• _TASK_
For this exercise, return only the lines in the records below from the one holding "Καλοκαιρινό πουκάμισο με" through the one holding "A brown classic", including both, exactly as they appear and without pictures.

• _EXERCISE INPUTS_
....

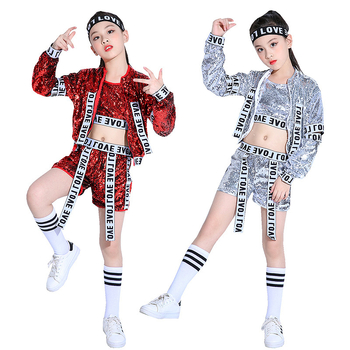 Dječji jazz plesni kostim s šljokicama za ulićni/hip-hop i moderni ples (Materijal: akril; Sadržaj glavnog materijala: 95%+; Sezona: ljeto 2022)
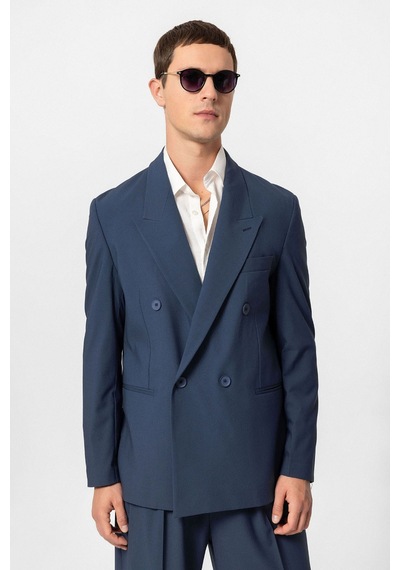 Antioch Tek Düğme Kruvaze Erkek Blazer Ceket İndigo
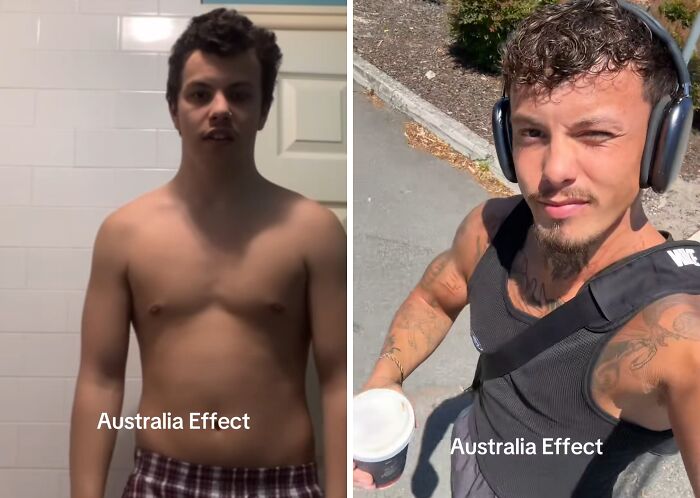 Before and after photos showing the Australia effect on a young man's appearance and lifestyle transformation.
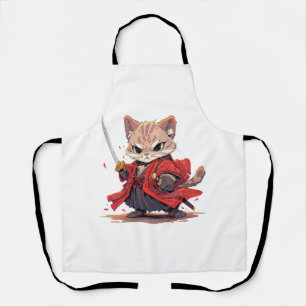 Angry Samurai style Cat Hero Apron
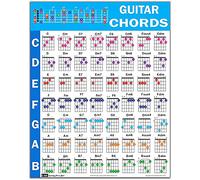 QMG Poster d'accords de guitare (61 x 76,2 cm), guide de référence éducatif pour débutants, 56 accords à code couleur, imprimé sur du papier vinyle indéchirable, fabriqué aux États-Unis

....

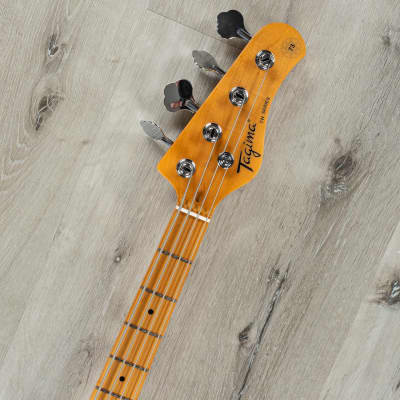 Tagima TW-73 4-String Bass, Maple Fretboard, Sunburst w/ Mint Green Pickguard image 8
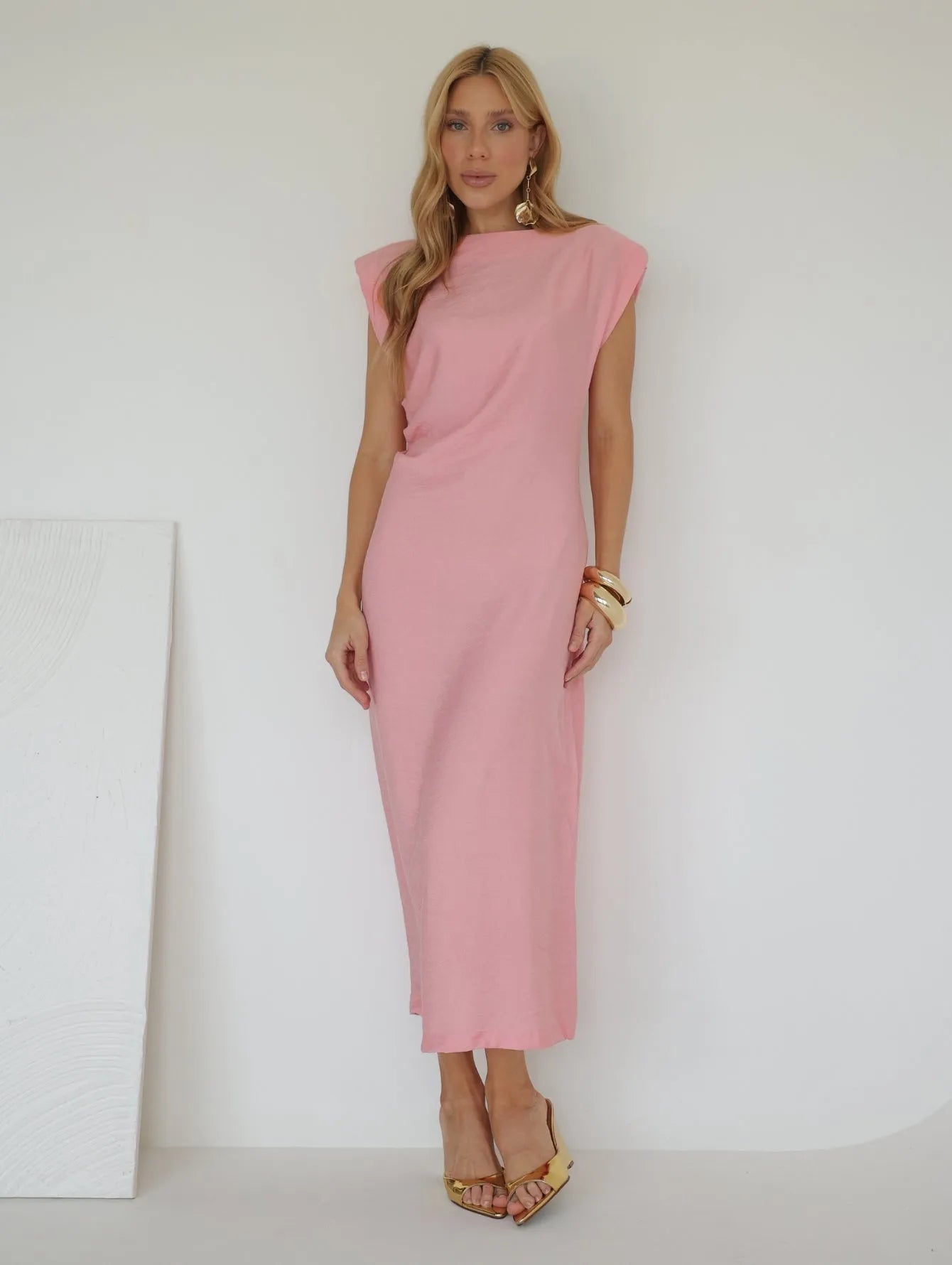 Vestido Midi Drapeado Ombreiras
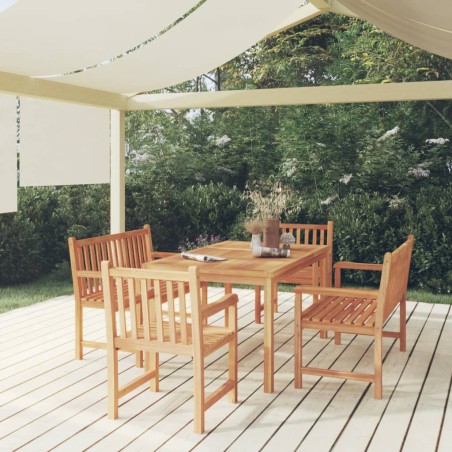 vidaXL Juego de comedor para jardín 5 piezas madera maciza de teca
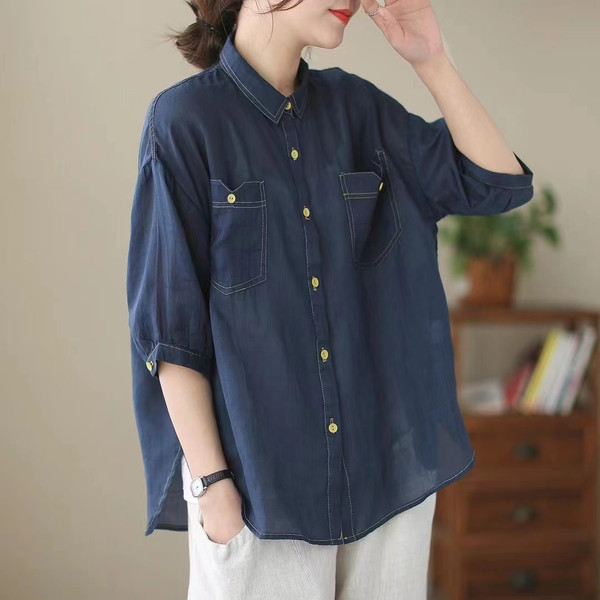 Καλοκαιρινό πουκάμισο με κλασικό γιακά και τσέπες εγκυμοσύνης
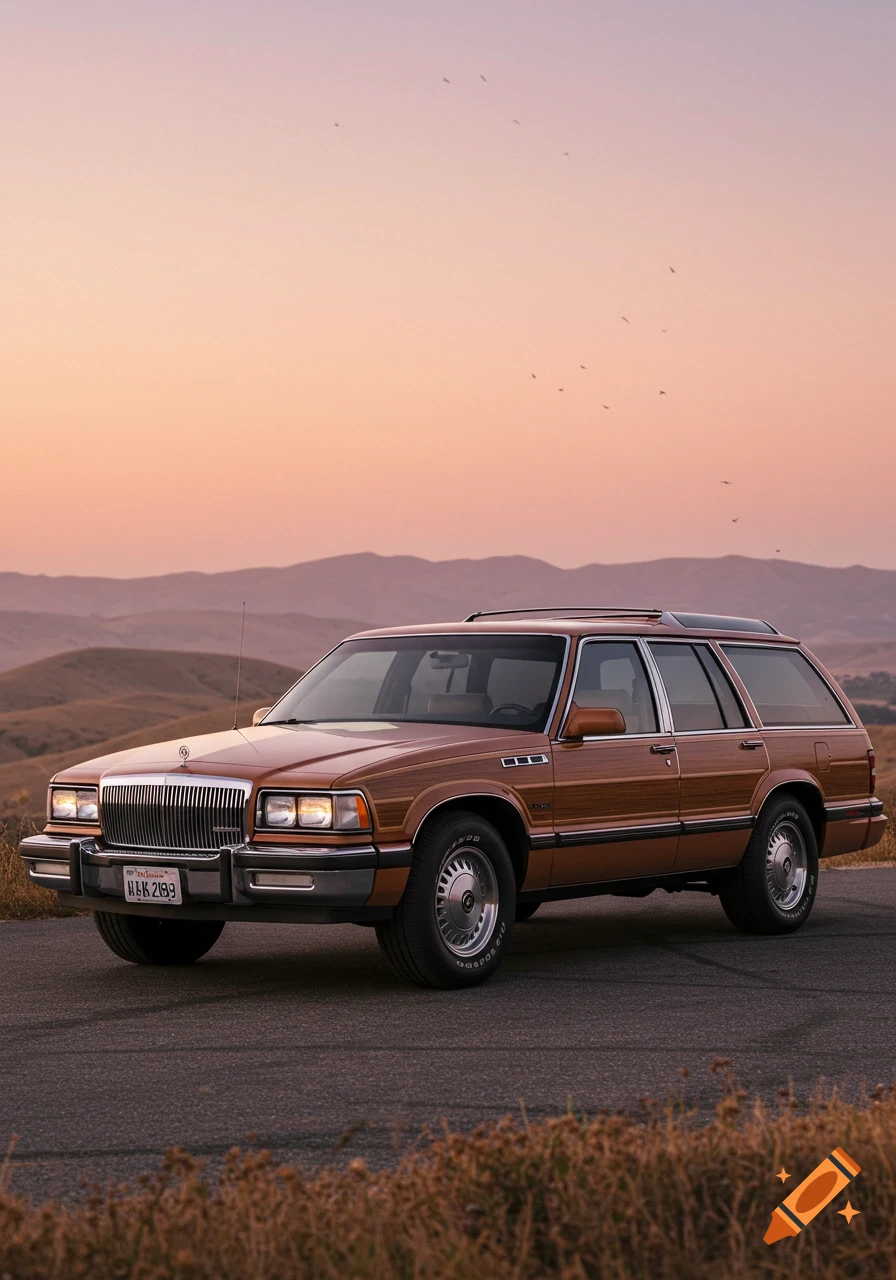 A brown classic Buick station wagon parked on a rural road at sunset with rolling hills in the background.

....

• _RESPONSE BELOW_
 Καλοκαιρινό πουκάμισο με κλασικό γιακά και τσέπες εγκυμοσύνης
 A brown classic Buick station wagon parked on a rural road at sunset with rolling hills in the background.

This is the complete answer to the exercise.